You mention parallelism, but vmap is not a parallelizing operation, it is a batching operation (explanation from the JAX developers). Maybe what you are looking for is jax.pmap? Unfortunately, pmap is currently unsupported with Catalyst, although you should be able to observe parallelism with it on pure JAX programs.

and is also orders of magnitude slower to execute.

What are you comparing against?

Would this be intentional? If so, could this be raised as a feature request?
Could you suggest some workarounds for parallel circuit execution on GPU?

Let me get some additional info on this and get back to you :slight_smile:

Hi @David_Ittah, thanks for the answer.

how would a QPU vectorize a single gate

Although it makes sense that a QPU would not be able to execute gates over multiple states in parallel, I believe state vector simulators that work directly with matrices could benefit from such a batching operation. e.g. the compiled for loop (which launches one kernel per batch index) leads to very low GPU utilization in my case.
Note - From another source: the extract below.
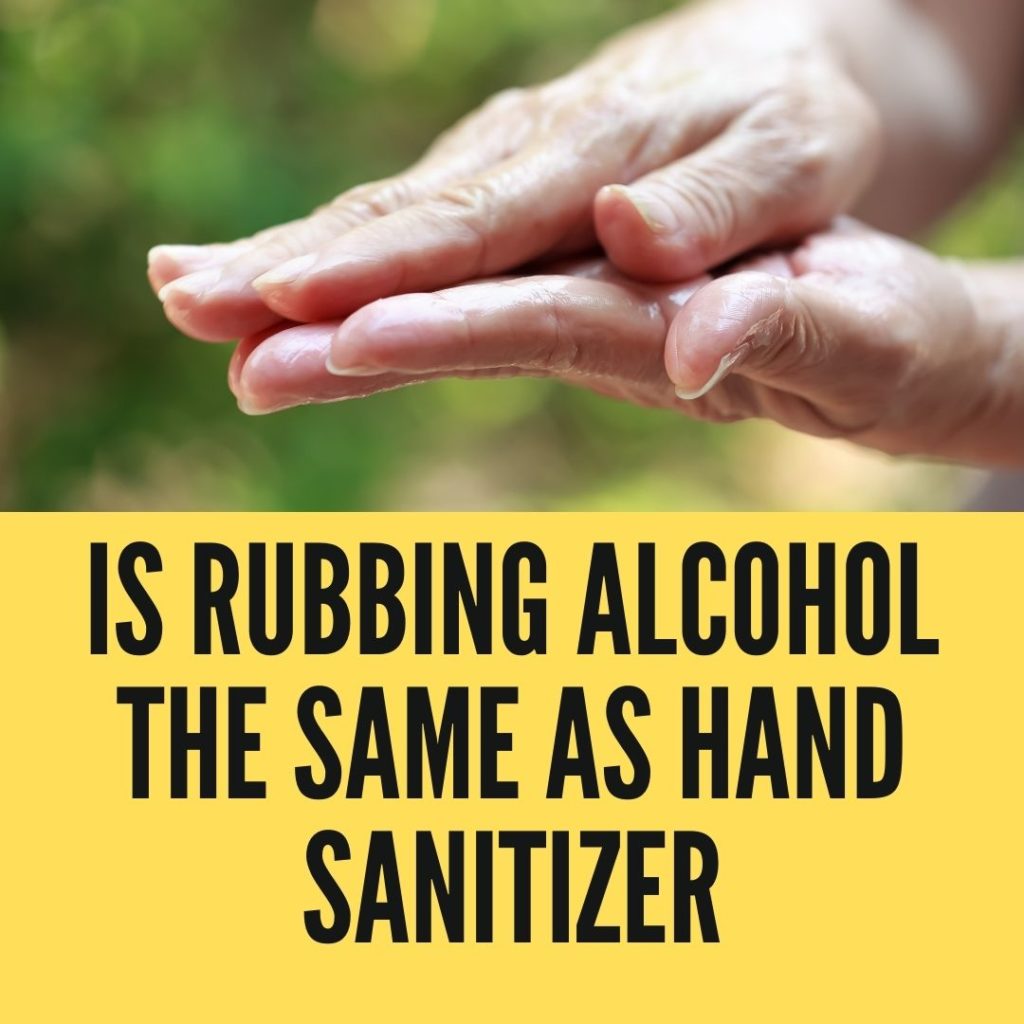 Is Rubbing Alcohol The Same As Hand Sanitizer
but vmap is not a parallelizing operation

Thanks for clarifying this about vmap. Although, it doesn’t guarantee parallelization, but in an ML use case where fusing matrix operations is possible, it is widely used to achieve parallelism over a batch.

Maybe what you are looking for is jax.pmap?

jax.pmap distributes each batch index across multiple XLA devices. It requires that that batch dimension be smaller than or equal to the number of XLA devices. However, my issue is with underutilization of a single device.

Currently, for example, the only apparent option to increase device utilization is to double (triple, etc.) the number of qubits and run the two sections of the same circuit in parallel, obviously wasting computation for the sake of parallelism.

What are you comparing against?

Just a sidenote that executing qjit(vmap(qnode))(inputs) is much faster than jax.jit(jax.vmap(qnode))(inputs), probably due to the compiled circuit.

Let me get some additional info on this and get back to you :slight_smile:

Yes, more information on what I could do to achieve this parallelism would be game changing for me.
Thanks :slight_smile:

That’s true, I believe that is what would happen if you use JAX directly with the default.qubit device, because it is written in Python using JAX instructions, it should be able to vectorize the simulation of each individual gate. If you haven’t tried this configuration yet this might be what you are looking for :slight_smile:

Unfortunately, because device internals (living in pre-compiled libraries) are opaque to Catalyst , we cannot vectorize operations like that even if they are simulators.

However, my issue is with underutilization of a single device.

Got it, thanks for clarifying the use case!